Changing schools can be a tough ordeal for some students.
It doesn’t help matters when they are not allowed to join sports teams during the regular season or even playoffs at their new home-away-from-home.
Take for example, when LeBron James signed with Miami: Did he sit out the playoffs? When Wayne Gretzky was traded to Los Angeles, did he have to shed the post-season along with his tears? And was Roy Halladay barred from the NLCS when he left Toronto for Philadelphia?
So why did Bilie Grant, one of Eastern Commerce’s top senior girls cagers, experience being shutout from the playoffs at her high school?
She was unable to play in regional, city or OFSAA playoff games alongside her fellow Lady Saints.
“It was a little annoying,” she admitted, adding kids shouldn’t be barred from playing period.
To me it’s a huge bummer. The Toronto District School Board prides itself on its Fit For Life and Right To Play advocacy, but not allowing kids to partake in the playoffs on a technicality is a technical foul.
But you can’t blame the board because the provincial body, OFSAA, enacted the regulation.
Last year Grant started anew, moving into the Eastern Commerce catchment area, just off of Coxwell, from the Father Henry Carr Secondary School region of Etobicoke.

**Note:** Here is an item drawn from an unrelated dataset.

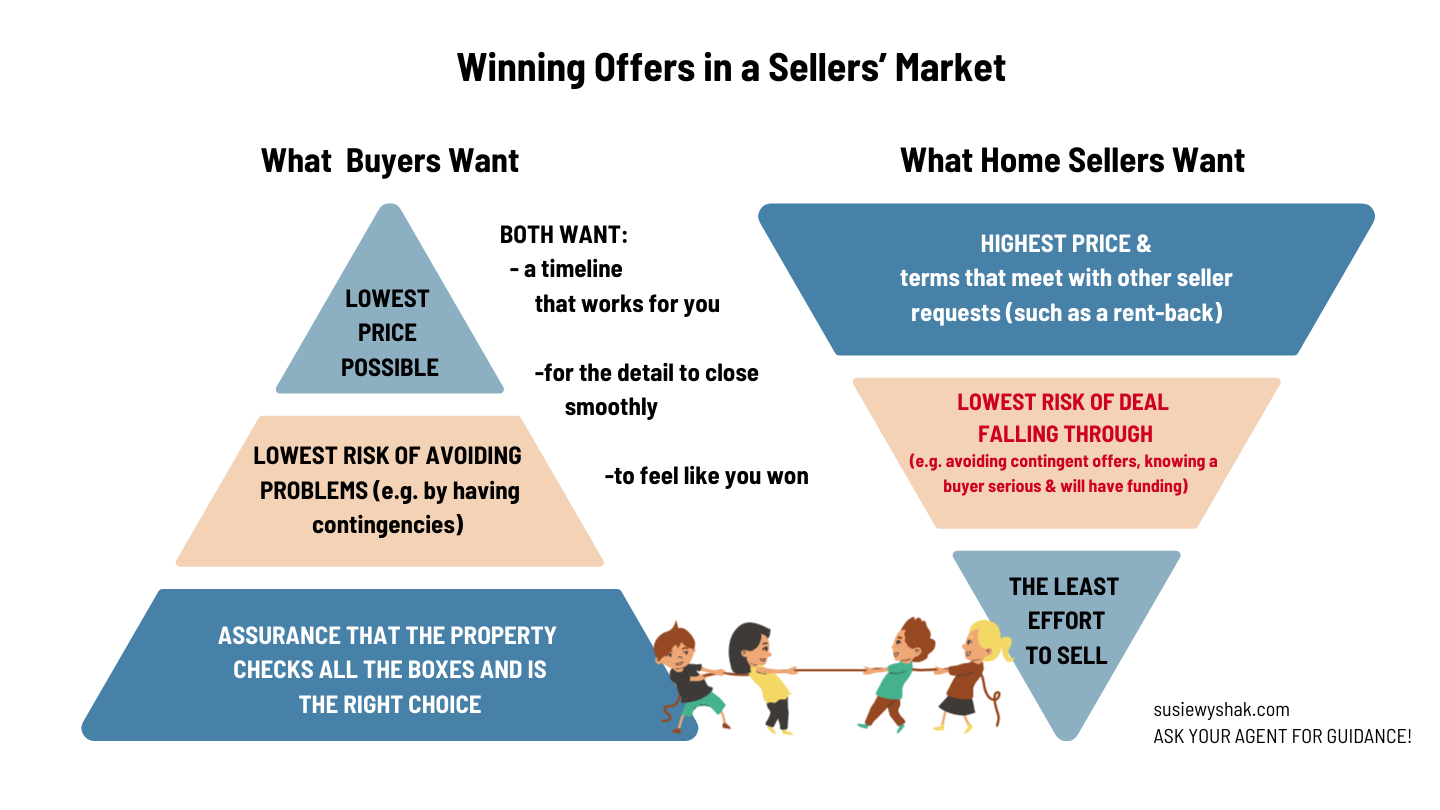 how first time buyers can win competitive home offers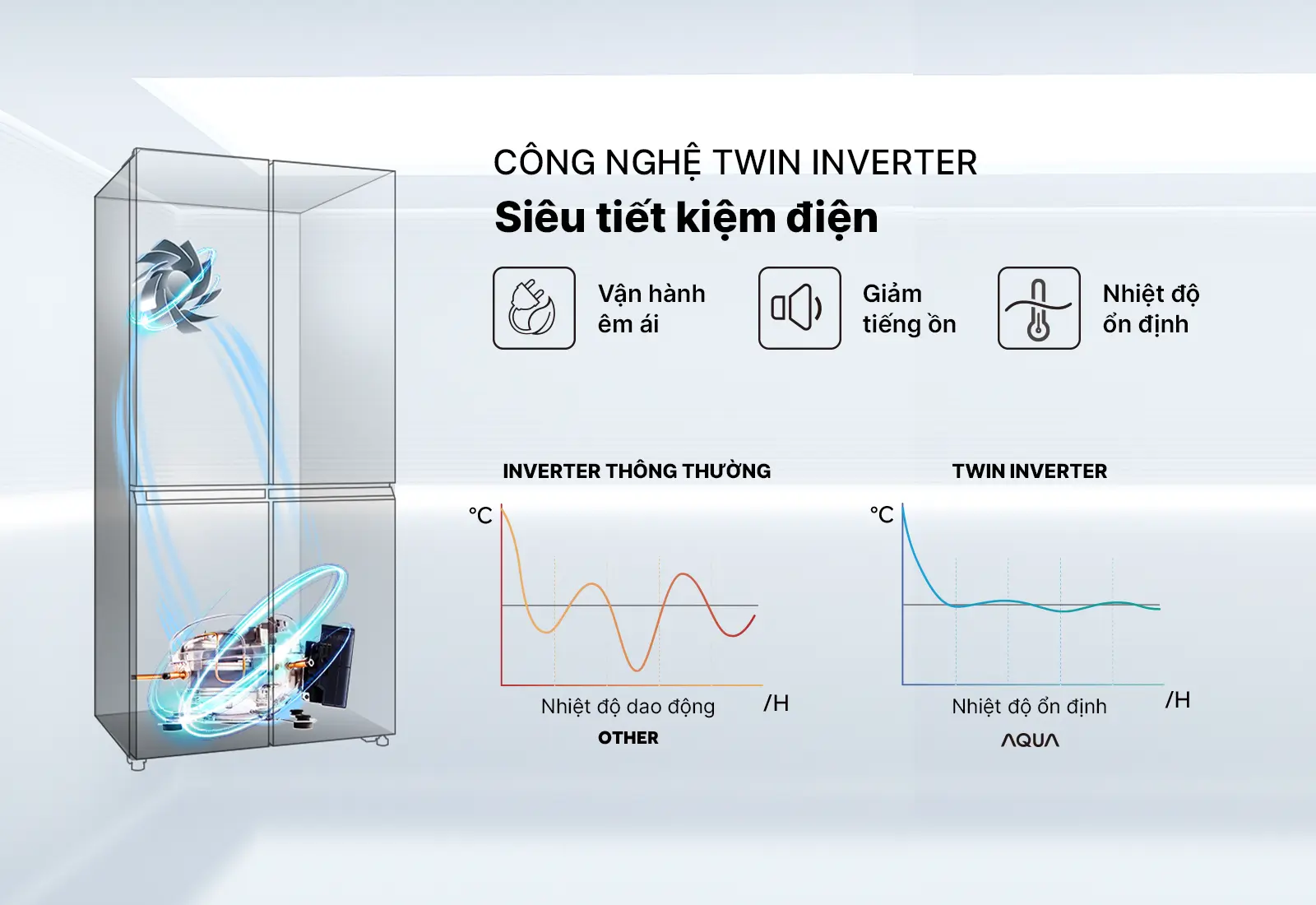 Tủ lạnh Aqua Inverter 410 lít AQR-M466XA(GB) - Ảnh 8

“It’s not like kids are getting scholarships,” Grant said.
The source for her discontent was the Ontario Federation of School Athletics Associations’ transfer policy.
According to OFSAA’s regulations, “Every student who has been registered as a transfer from another school within the previous 12 months is ineligible to compete in OFSAA-sanctioned events, unless he/she appeals and is deemed eligible by the OFSAA Board of Reference”.
Those clauses include: a change in permanent residence by the student and their immediate family; moving to an Ontario school from outside Canada or the United States; the closure of a student’s former school or no sports participation at the inter-school level for 12 months prior to transfer.
Additional concessions are made if a student has transferred prior to their grade 10 year for personal, social or academic reasons; changed residence to live with another guardian; has removed themselves from an abusive home environment or has been forced to leave an independent school.
I’m sure you glazed over that legalese. I know I did. And that’s a lot of red tape especially for teens who just want to play. I know this isn’t the big leagues, but let’s just let the kids play.
Board athletic administrator Nick Rowe says the transfer policy — established province-wide in 1986 — was enacted to reduce an uneven amount of playing teams.
The results from too many powerhouses led to some schools folding certain sports teams.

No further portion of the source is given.